Brea Old and New: The go-to source for "All things Brea"!

Welcome to Brea

  • Fascinating Facts: The Brea Clock, Part 1

    7 years ago by


    The Brea Clock, shortly after it was unveiled at its new location downtown in 2001.


    1.) Our much loved landmark, The Brea Clock, was first placed on Brea Blvd in 1975 as an advertising gimmick for a clock shop that was in the old Brea Hotel, at that time, located near the NE corner of Brea Blvd and Ash St. Most Breans believe that the clock has a much longer history in the city, but prior to its 1975 installation, it served as the station masters clock at the Santa Fe Railyards in Riverside.

    2.) For a time, the clock was known to the city as "Charlie's Clock", named for the proprietor of the clock shop.  When Charlie closed his business and left town, the city bought the clock since it had become such a cherished landmark and it fit well with plans for eventual downtown redevelopment.

    3.) The clock remained in its original spot for several years, but due to occasional vandalism, and wear and tear, it was constantly being taken down for repairs. In 1979, a car ran into the clock causing major damage, and it was a long time before the clock reappeared.

    4.) Next week: More Fascinating Facts and the rest of the story of The Brea Clock.

  • Fascinating Facts: Brea Blvd and the center of town

    7 years ago by

    1.) Brea Blvd was originally named Pomona Avenue and was the main route between Fullerton, founded in 1887, and Pomona, founded in 1875.  Downtown Brea was built up along the route.

    2.) Brea's north and south street designations on Pomona Avenue (now Brea Blvd) were established at the intersection of Ash Street.

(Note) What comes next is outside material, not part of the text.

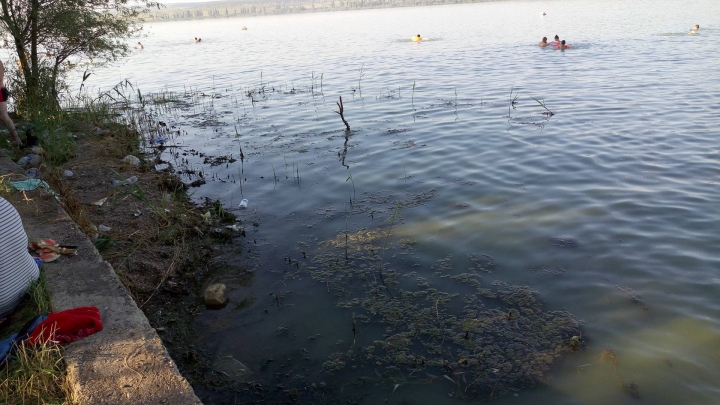 NO COMMENT: Cum arată plaja din Ghidighici într-o zi de duminică (FOTO)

The intersection, once considered the "center" of town, has been home to a bank, a department store, a drug store, residences,  a restaurant and a church.

    3.) All streets named in the Brea downtown were, at one time or another, named for trees. This includes todays Lambert Road and Imperial Hwy. Lambert, at one time, was named Deodora. Imperial was once named Cedar.


  • Fascinating Facts: The Stewart Tank Farm Fire

    7 years ago by


    Aerial view of the devastation from the Stewart Tank Farm Fire in 1926. The City of Brea is at the top of the picture, to the right.

    1.) On April 8, 1926, at 9am, Brea's most devastating disaster, the Stewart Tank Farm Fire, was ignited when a bolt of lightning struck 2 seperate tanks of crude oil. The resulting explosion released fireballs into the sky and broke windows at Brea businesses 1/2 mile east of the blast.

    2.) At the height of the fire, cyclones created by the superheated air from the blaze, moved east toward homes and neighborhoods, damaging roofs and destroying property. The fierce winds held lumber and debris from the destroyed structures aloft for miles, dropping it as far away as Carbon Canyon and Chino.

    3.) An estimated 40,000 "looky-lous" descended on the area out of curiosity, clogging streets and roads in Brea and nearby communities. Hollywood film companies sent crews to get footage from the ground and by air for newsreels and movie filler.

    4.) The fire burned for more than 48 hours, before finally burning itself out. Property was damaged or destroyed, orchards were burned and the Stewart Station was a total loss. During the course of the disaster, nearly 400 men,  from every oil company in Southern California, came to Brea to fight the blaze. There were some minor injuries reported and some close calls, but, remarkably, no one was killed.


  • Fascinating Facts: More Brea Firsts

    7 years ago by


    The Hon. Cruz Reynoso at the Tomlinson Park street naming ceremony in August 2003.

    1.) Brea's Art in Public Places Program, created in 1974, was the first privately funded collection of civic art in California. The first sculpture sponsored by the program was "The Birds", by Lee Zimmerman, located at Lambert Rd and Associated Rd.

    2.) Born in Brea, former resident Cruz Reynoso, in 1981, was named to the California Supreme Court by then Governor Jerry Brown. The Hon. Mr.  Reynoso, California's first Hispanic justice to serve on the highest court, was recognized for his contributions at a street naming ceremony at Tomlinson Park in August, 2003.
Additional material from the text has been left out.